The embattled Your Party is set to name a new leader as early as Friday to replace Yoshimi Watanabe, who Monday expressed his intention to resign as party chief amid a money scandal.

The party’s policy research chief, Kenichi Mizuno, said Tuesday that an election is likely to be held during Friday’s meeting of party members. Watanabe’s resignation was approved at an executives’ meeting Tuesday.

Regardless of who becomes the new leader, the minor opposition party’s influence in politics is expected to be significantly diminished as it has been touting a scandal-free image.

Watanabe’s absence could strike a heavy blow to the ruling Liberal Democratic Party as well, while Prime Minister Shinzo Abe seeks cross-party cooperation to lift Japan’s self-imposed ban on collective self-defense. Watanabe has supported the conservative prime minister’s efforts to re-interpret the Constitution to exercise the right of collective self-defense.

Your Party, which was founded by Watanabe in 2009, effectively served as a complementary force to the LDP through its cooperation in enacting the contentious state secrecy law last December.

Yet, observers say, that cooperation was based on the close relationship Watanabe personally forged with Abe rather than party consensus. Watanabe also served as state minister for financial policy and administrative reforms during Abe’s first administration between 2006 and 2007.

Watanabe on Monday said he will step down as party chief amid rising criticism about an ¥800 million loan he borrowed from Yoshiaki Yoshida, chairman of major cosmetics company DHC Corp.

Yoshida extended a ¥300 million loan to Watanabe shortly before the 2010 House of Councilors election and then gave him another ¥500 million before the 2012 House of Representatives election.

Watanabe never logged those loans in his official political or election funds report and he denied violating the Political Funds Control Law, insisting that the loan was for personal expenses, not official political activities or his election campaign.

Watanabe’s resignation will also likely accelerate realignment in the opposition camp, which has been unable to exert much political clout against the ruling coalition, which is led by the LDP.

Political analyst Harumi Arima said Yui no To, headed by former Your Party Secretary-General Kenji Eda, and Nippon Ishin no Kai (Japan Restoration Party), led by Osaka Mayor Toru Hashimoto and former Tokyo Gov. Shintaro Ishihara, hold the key to any realignment.

The two parties have been in talks to form a partnership and Nippon Ishin last week decided it will aim to merge its parliamentary group in the upper chamber with Yui no To by the end of the current Diet session.

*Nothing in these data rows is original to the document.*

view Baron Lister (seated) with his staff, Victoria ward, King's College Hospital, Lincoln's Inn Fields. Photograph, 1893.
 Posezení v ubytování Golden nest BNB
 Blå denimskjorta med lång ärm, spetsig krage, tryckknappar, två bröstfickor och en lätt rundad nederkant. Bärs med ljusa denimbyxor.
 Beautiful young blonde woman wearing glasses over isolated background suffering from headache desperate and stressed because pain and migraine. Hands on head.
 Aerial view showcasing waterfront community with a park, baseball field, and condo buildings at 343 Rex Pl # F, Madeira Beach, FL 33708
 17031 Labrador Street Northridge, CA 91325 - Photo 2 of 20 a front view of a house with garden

Yui no To was formed by 15 former Your Party members, who were against Watanabe’s cozy relationship with Abe.

Watanabe banned any Your Party members from joining cross-party meetings between the Democratic Party of Japan and Nippon Ishin as well as Yui no To to discuss possible political remapping in the opposition camp, because he apparently did not want to lose his clout in the process to bring about political realignment.

“By integrating parties’ parliamentary groups, the two parties are forging an environment to further merge their parties . . . possibly offering an environment for Your Party members to join force,” Arima said.

Arima added that Hashimoto and Eda seem to be speeding up their efforts in time for nationwide local elections, slated to be held next April.

Meanwhile, DPJ leader Banri Kaieda wants his party to take the initiative to bring about political realignment.

But former party Secretary-General Goshi Hosono continues to meet Nippon Ishin Secretary-General Yorishisa Matsuno and Eda of Yoi no To to discuss possible cooperation.

Aiming to consolidate his power base within the party, Hosono formed his own political group, Jisei Kai, and on Monday organized the party’s first political fundraising event.